Go archive/zip: Take offsets relative to the start of the file.

Info-ZIP unzip seems to use the Python algorithm initially (assume adjacent Central Directory and EOCD), and warn about how many bytes it is ignoring. But if it doesn't find a Central Directory Header signature there, it falls back to absolute offsets.

Appendix: how the malicious add-on is constructed

The attached source code bundle has tools to show how the proof of concept xpi is parsed by yauzl, Python, and Go.

$ npm install yauzl
$ node ziplist-yauzl.js ambiguous_addon.xpi
446	manifest.json
58	background.js
227	bad.html
$ python3 ziplist-python ambiguous_addon.xpi
328	manifest.json
59	background.js
160	good.html
$ go run ziplist-go.go ambiguous_addon.xpi
446	manifest.json
58	background.js
227	bad.html
415	bad.js
99	badwords.js
131	coinhive.js
66	snoop.js
0	META-INF/manifest.mf
...65531 more copies of META-INF/manifest.mf...

The zip contains three separate Central Directories:

One for nsZipArchive, located at the beginning of the file, using the optimized jar layout that is peculiar to nsZipArchive.
One for Python, located just before the EOCD at the end of the file, where Python will always look for it no matter what offset is given in the EOCD.
One for yauzl and Go, located at the absolute offset given by the EOCD. This could be considered two overlapping Central Directories, because yauzl reads 3 entries from it and Go reads 65536+3 entries from it.

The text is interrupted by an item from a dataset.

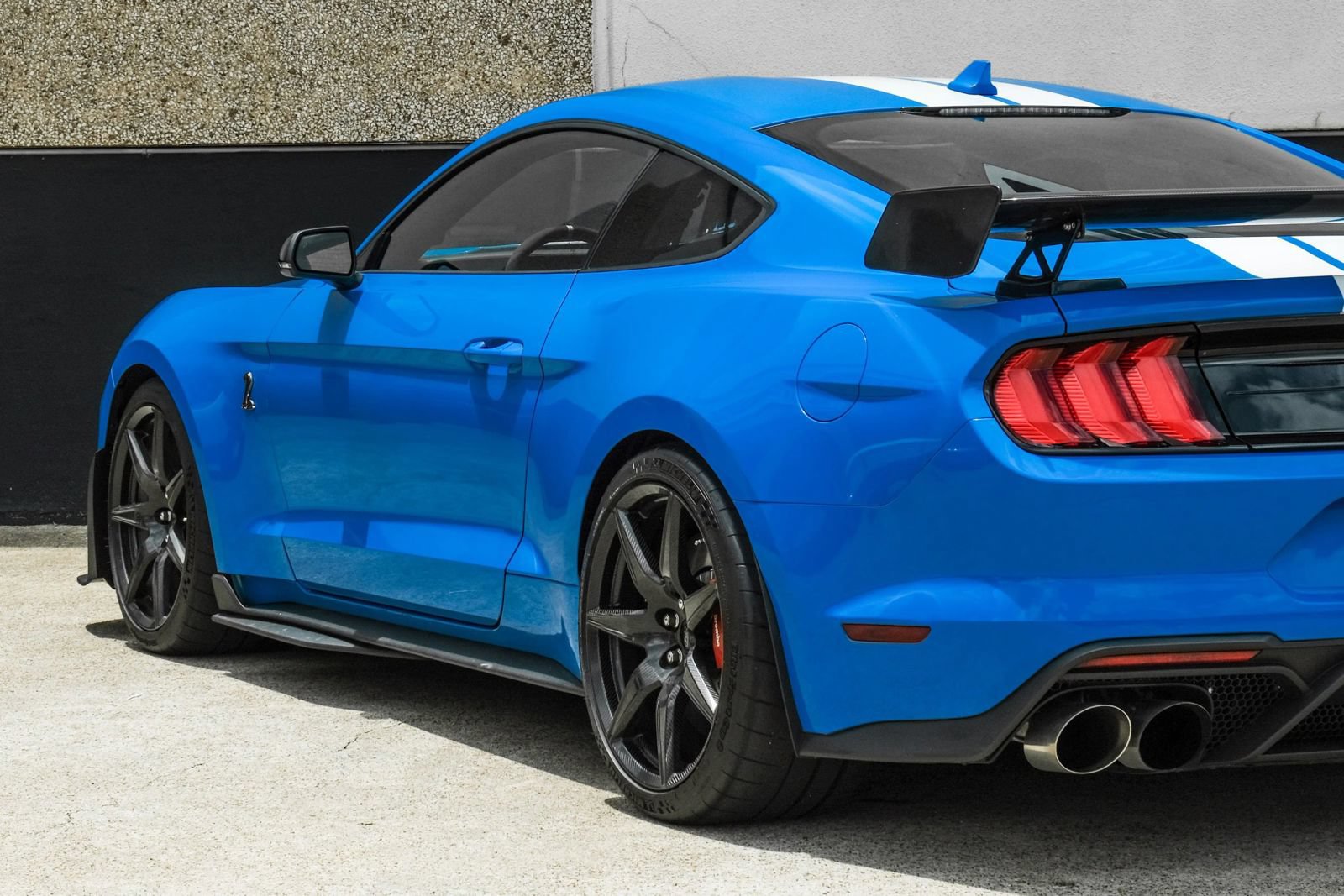 Used 2022 Ford Mustang Shelby GT500 w/ Carbon Fiber Track Pack RWD image 12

In order to make the number of Central Directory entries come out right modulo 65536, we have to pad the Go Central Directory with dummy Central Directory Headers. There are many padding Central Directory Headers, but to save space, they all point to a single Local File Header. We use the filename "META-INF/manifest.mf" for the padding files, because files with that name are stripped from the input before signing. If we used a different name, autograph would not strip the padding files and would switch to ZIP64 format in order to properly represent all 65536+ files, thereby producing a ZIP64 file that nsZipArchive cannot parse.

The nsZipArchive and Python Central Directories could potentially point to different sets of files, but we don't need to make use of that degree of flexibility.

The nsZipArchive optimized jar layout doesn't even look at the EOCD. The EOCD contains a single static value for the Central Directory offset, but it is interpreted differently by Python and yauzl/Go (see "Base file offset" above).

The "semi-malicious files" are not seen by human review and only have to avoid raising linter errors. The "fully benign files" are exposed to human review. The "fully malicious files" are only seen by the end user.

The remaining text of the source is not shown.